◆ What the task asks ◆
Leave out the pictures and restate exactly, and only, the lines from the one that contains "ford focus berlina (cap) del año 2006" through the final line of the material below.
++++++++++
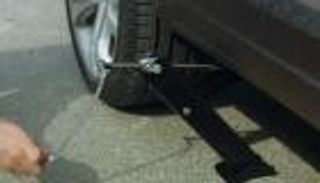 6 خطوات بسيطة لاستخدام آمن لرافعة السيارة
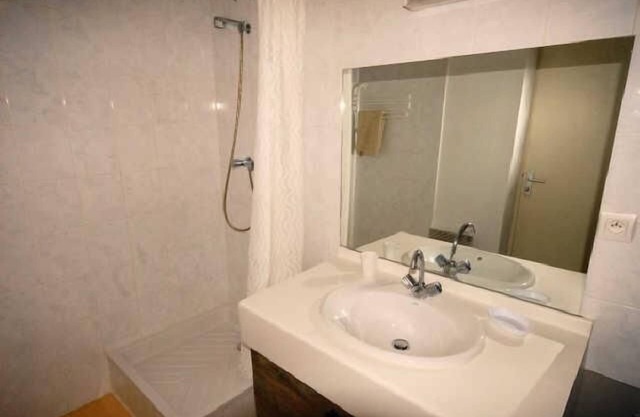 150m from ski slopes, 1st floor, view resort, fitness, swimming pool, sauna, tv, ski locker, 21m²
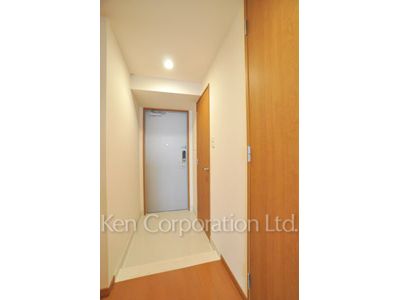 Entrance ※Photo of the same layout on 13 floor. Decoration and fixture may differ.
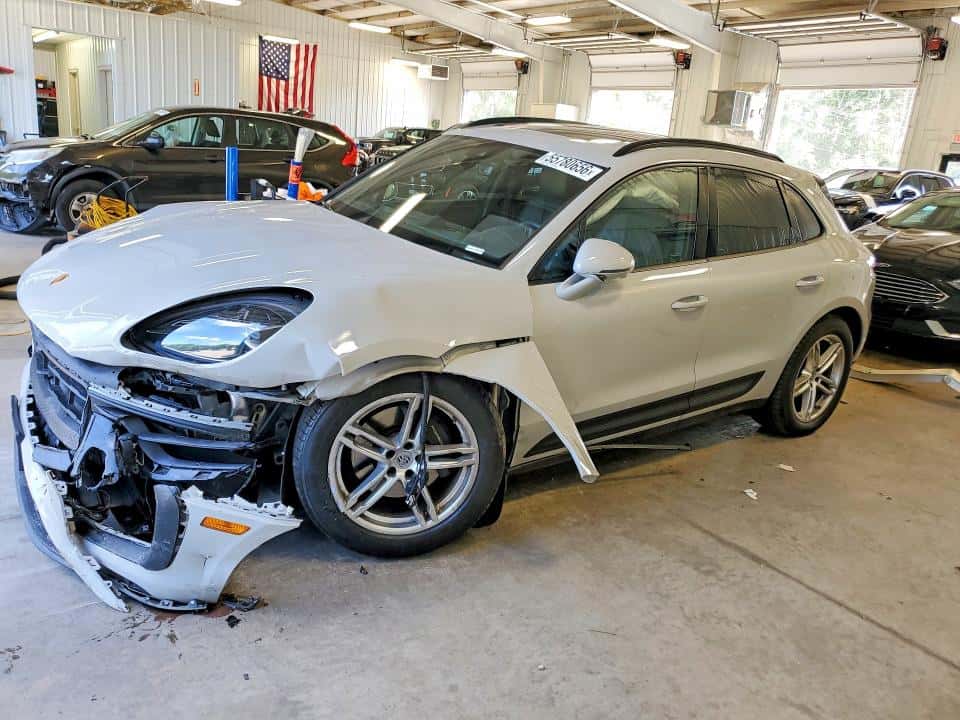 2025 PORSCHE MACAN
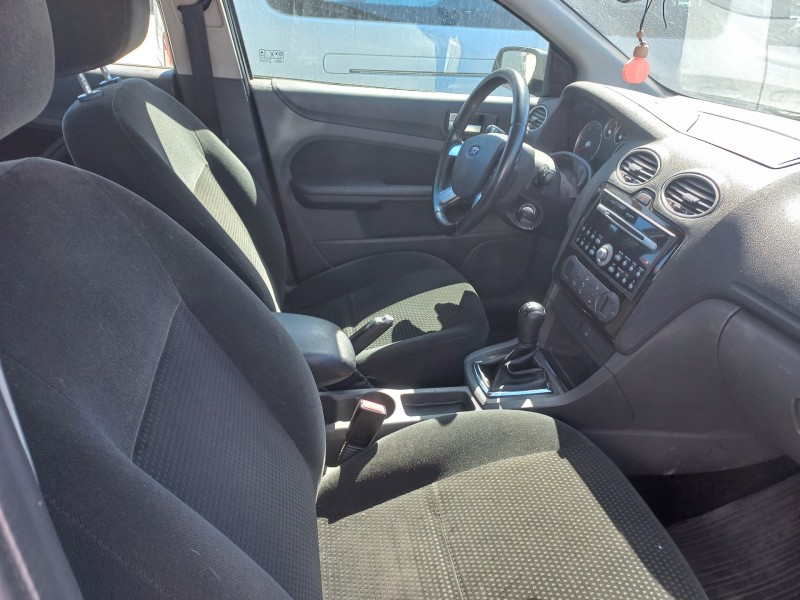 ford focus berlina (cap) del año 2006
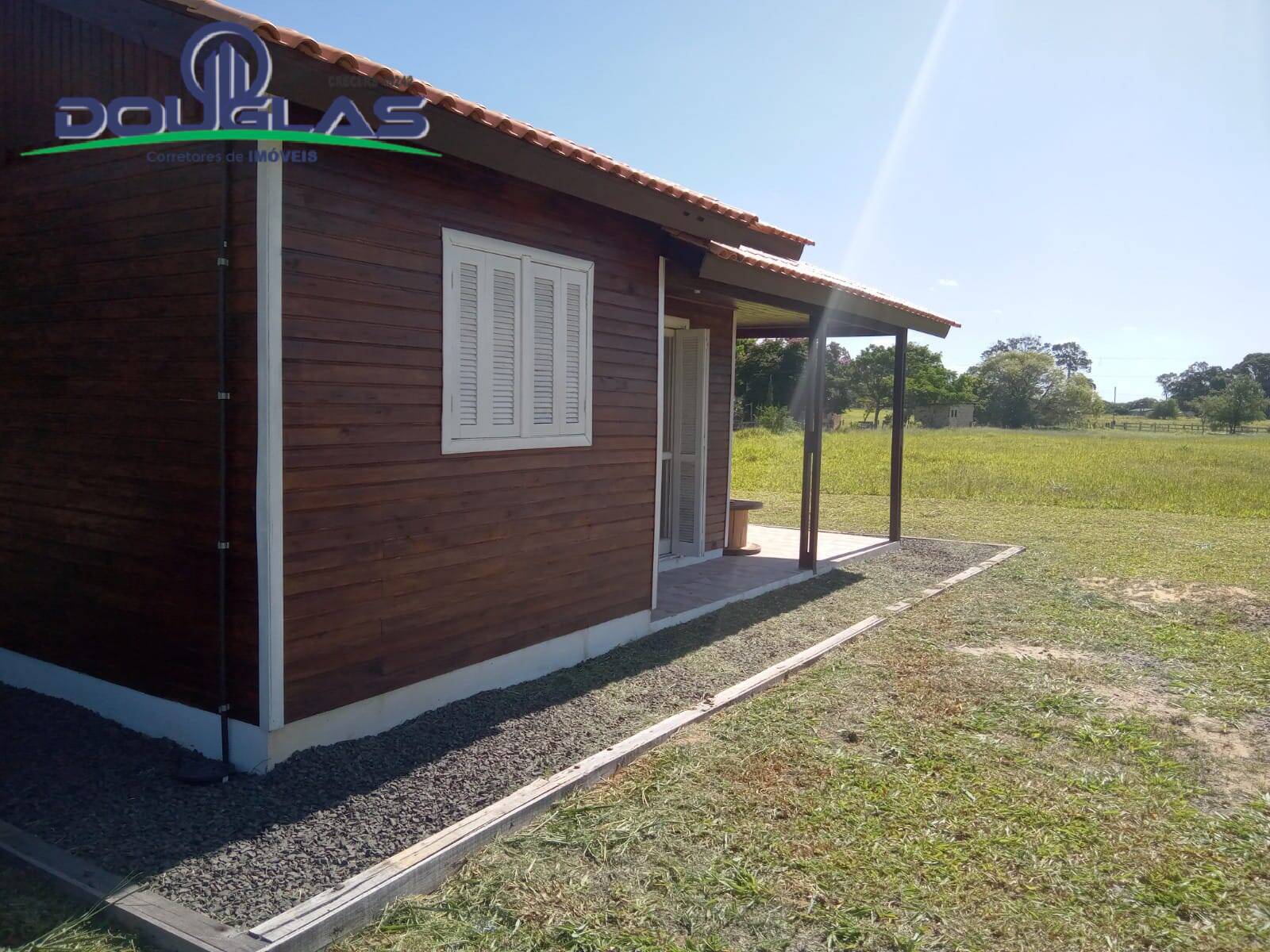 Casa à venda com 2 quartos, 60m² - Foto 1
++++++++++
◆ Answer to this problem ◆
 ford focus berlina (cap) del año 2006
 Casa à venda com 2 quartos, 60m² - Foto 1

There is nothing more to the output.